O processo do Acordo UE-Mercosul entrou em uma fase decisiva após uma votação favorável dentro da União Europeia, mas ainda há etapas formais e obstáculos políticos pela frente.

Empresários veem oportunidades, enquanto produtores agrícolas e ambientalistas promovem resistência, sobretudo na França, o que pode alongar o calendário de ratificação.

Conforme informação divulgada pelo g1

Formalização dos votos na União Europeia

Após a aprovação provisória, o primeiro passo é a formalização dos votos, e a regra é clara, os governos precisam confirmar por escrito seu posicionamento.

Na prática, embora os embaixadores dos países da UE já tenham sinalizado apoio ao texto, os governos ainda precisam enviar confirmações por escrito até o fim do dia, no horário de Bruxelas (13h, no horário de Brasília).
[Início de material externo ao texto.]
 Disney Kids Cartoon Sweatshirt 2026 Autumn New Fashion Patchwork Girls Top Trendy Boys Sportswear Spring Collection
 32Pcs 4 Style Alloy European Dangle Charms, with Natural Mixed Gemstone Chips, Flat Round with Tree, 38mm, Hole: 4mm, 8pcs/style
Só depois dessa etapa o aval do bloco será considerado oficial, e a expectativa é que a Comissão Europeia consiga reunir a maioria entre os 27 Estados-membros.

Assinatura formal e o papel de Ursula von der Leyen

Com a maioria qualificada confirmada, a presidente da Comissão Europeia, Ursula von der Leyen, ficará autorizada a assinar o acordo em nome da União Europeia.
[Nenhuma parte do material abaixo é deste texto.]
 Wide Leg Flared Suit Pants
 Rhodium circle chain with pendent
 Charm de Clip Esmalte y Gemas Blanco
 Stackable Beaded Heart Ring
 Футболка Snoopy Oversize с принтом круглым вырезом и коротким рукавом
A assinatura formal do acordo de comércio está prevista para a próxima segunda-feira (12), no Paraguai, país que ocupa a presidência rotativa do Mercosul.
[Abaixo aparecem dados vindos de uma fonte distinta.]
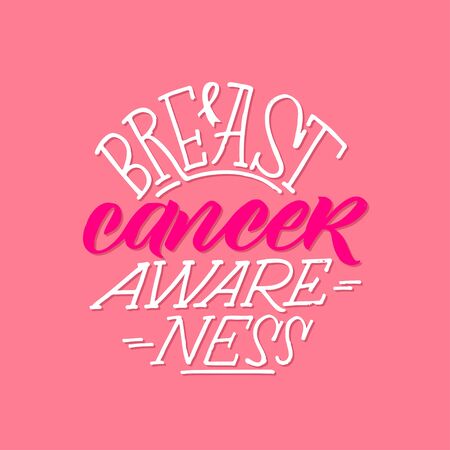 Breast Cancer Awareness Month Design. Pink Poster. Creative Pink And White Round Design, Motivational Banner.のイラスト素材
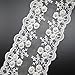 2 Yards 4-1/4 Inches White Cotton Floral Faux Pearls Embroidered Lace Trims Fabric DIY Craft Supply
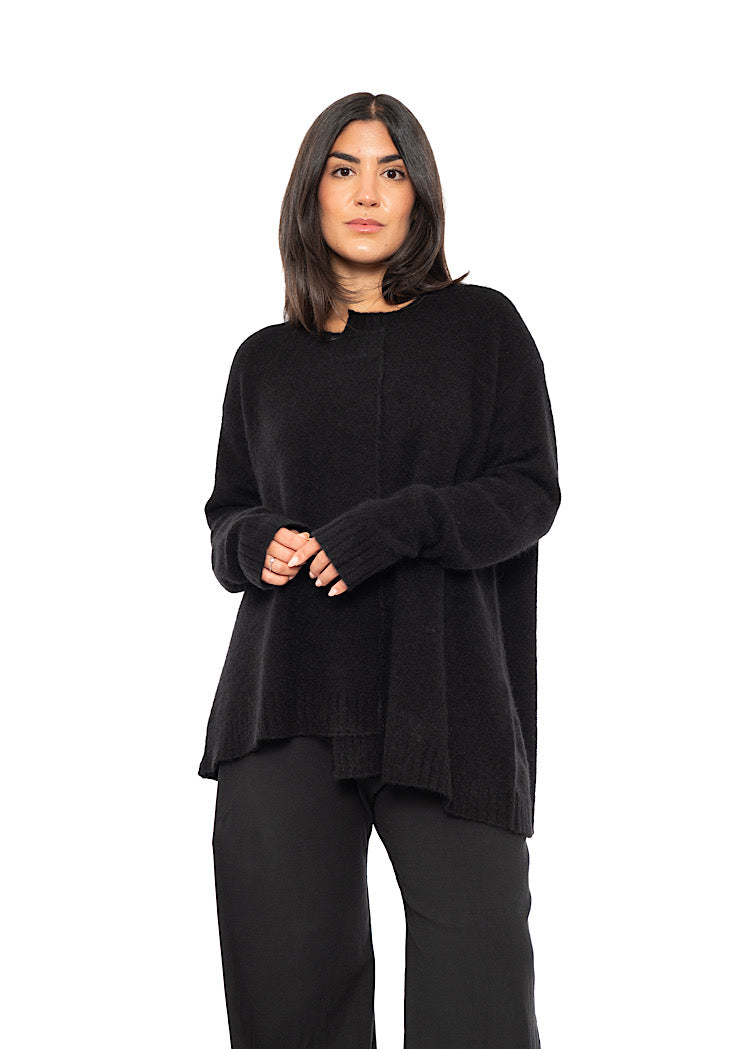 BRUSHED MÉLANGE KNITTED PULLOVER
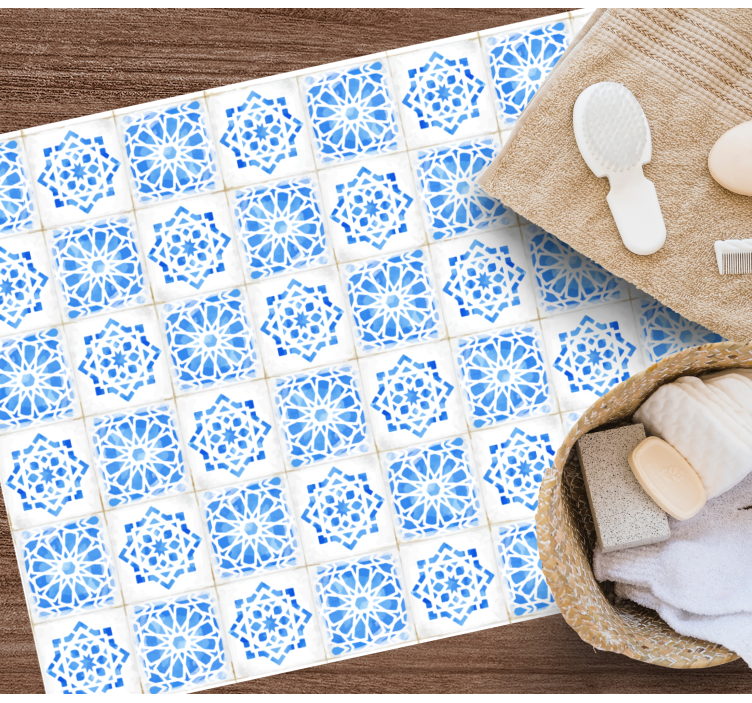 μπλε κομψό μωσαϊκό δάπεδο μπάνιου - TenStickers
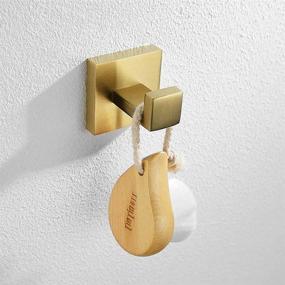 img 1 attached to Stylish and Sturdy BATHSIR Brushed Gold Towel Hooks - Wall Mounted Coat Hook 2 Pack Stainless Steel for A Well-Organized Bathroom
É importante destacar que a assinatura não significa que o acordo passe a valer imediatamente, e o tratado seguirá para processos de ratificação internos em cada bloco.

Quando e como o acordo pode entrar em vigor

Do lado do Mercosul, o acordo também terá de passar pelos Congressos nacionais do Brasil, Argentina, Paraguai e Uruguai, pois cria obrigações legais dentro de cada país, como redução de tarifas e mudanças nas regras comerciais.

Enquanto isso, a União Europeia e os países do Mercosul poderão discutir a aplicação provisória de partes do tratado, especialmente as relacionadas à redução de tarifas, o que permitiria antecipar alguns efeitos econômicos antes da ratificação completa.

O texto também pode precisar ser analisado pelo Parlamento Europeu, etapa que pode levar até várias semanas, e dependendo da interpretação jurídica, partes do acordo poderão ter de ser aprovadas pelos parlamentos nacionais.

Resumo do conteúdo do acordo e principais resistências

Negociado há mais de 25 anos, o acordo prevê a redução gradual de tarifas, regras comuns para comércio de produtos industriais e agrícolas, investimentos e padrões regulatórios.

Se concluído, criará uma das maiores áreas de livre comércio do mundo, ligando os dois blocos em um mercado de mais de 700 milhões de pessoas.

Países como Alemanha e Espanha apoiam o Acordo UE-Mercosul por verem oportunidades de ampliar exportações, reduzir dependência da China e garantir acesso a minerais estratégicos, enquanto França, Polônia e Itália se opõem devido a temores sobre prejuízos ao setor agrícola.